The ideal outcome of these partnerships is to provide the support necessary for a wide-ranging engagement with Latino poetry. In the short term, we will be providing libraries with $1,200 in funding, an award packet with logistical and administrative support, and the downloadable Latino Poetry Reader, comprising featured poems grouped by core humanities themes with accompanying essays and discussion questions. In the spring of 2024, we will host a planning and training webinar for participating libraries with further ideas and logistical instructions on how to plan and execute programs. During this period, we will also be building an online media archive with recordings of readings and commentary by featured poets for libraries to screen at their events, including videos featuring Ada Limón, Sonia Sotomayor, Sonia Manzano, and others.
In a larger sense, by providing resources for libraries and organizations, we want to make the work of Latino poets accessible to various communities and audiences across the country and stimulate discussion on all the different realities and concerns this tradition encompasses, whether aesthetic, cultural, historical, political, spiritual, emotional, or all of the above. I hope that on the one side, these programs will encourage Latinos from all kinds of backgrounds to recognize aspects of themselves, their trajectories, their communities, their family histories in these poems–to feel affirmed, validated, held, or otherwise compelled by the work of these poets. On the other hand, I feel that the tradition we call Latino poetry is so vast and rich and multifaceted that there’s something there for everyone. These poems encompass an intricate network of political and social histories, about labor, ecology, exile, about the role of immigrants in America and about the role of America in the world, that I feel are important for Americans of all walks of life to think about. This is not to imply that poetry should be educational or at the service of politics, but rather that, as repositories of experience, voice, action, and questioning, these poems can unlatch new ways of looking at our past and our present by dissolving official or received narratives or orthodoxies. I also think that because so many of the poets in this tradition were so immersed in their communities, in having an embodied and active approach to poetry, in dissolving the boundaries between art, life, and social action, that it feels like the right way to pay homage to them is to support libraries and arts organizations in helping to bring poetry off the page and into their communities.
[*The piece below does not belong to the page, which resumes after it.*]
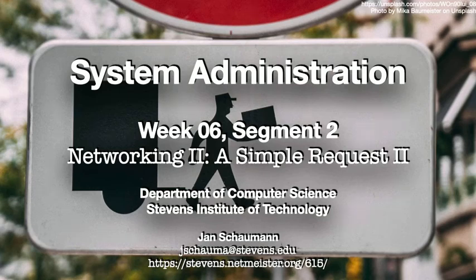Hello, and welcome back to CS615 System Administration. This is week 6, segment 2, and we're continuing to trace a simple HTTP head request from one system to another.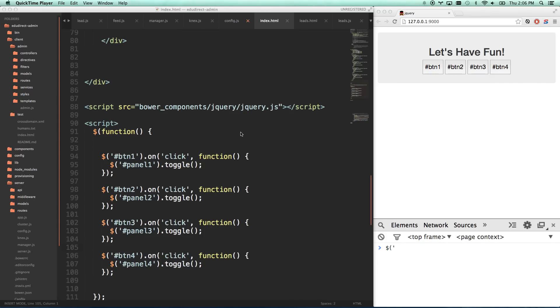Okay, so jQuery number three. If you didn't catch one and two, they're in the description. We're just going to move on.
Beyond the programming period running from September 2024 through April 2025, there isn’t a set way in which we plan to maintain relationships with partner libraries. That being said, having participated in a public humanities initiative like this, these organizations will be part of LOA’s extended network and community and will likely be invited to participate in future public humanities initiatives.
Susana Plotts-Pineda is an artist and writer. Her writing has been featured in The Brooklyn Rail, Kitchen Magazine, Global Performance Studies, Waif Magazine, and is forthcoming in Lana Turner. Recently, her manuscript was selected as a finalist at Wendy's Subway. Her performances and film have shown at Performance Studies International, Beam Center’s The Lighthouse on Governors Island, and the Orange County Film Fiesta.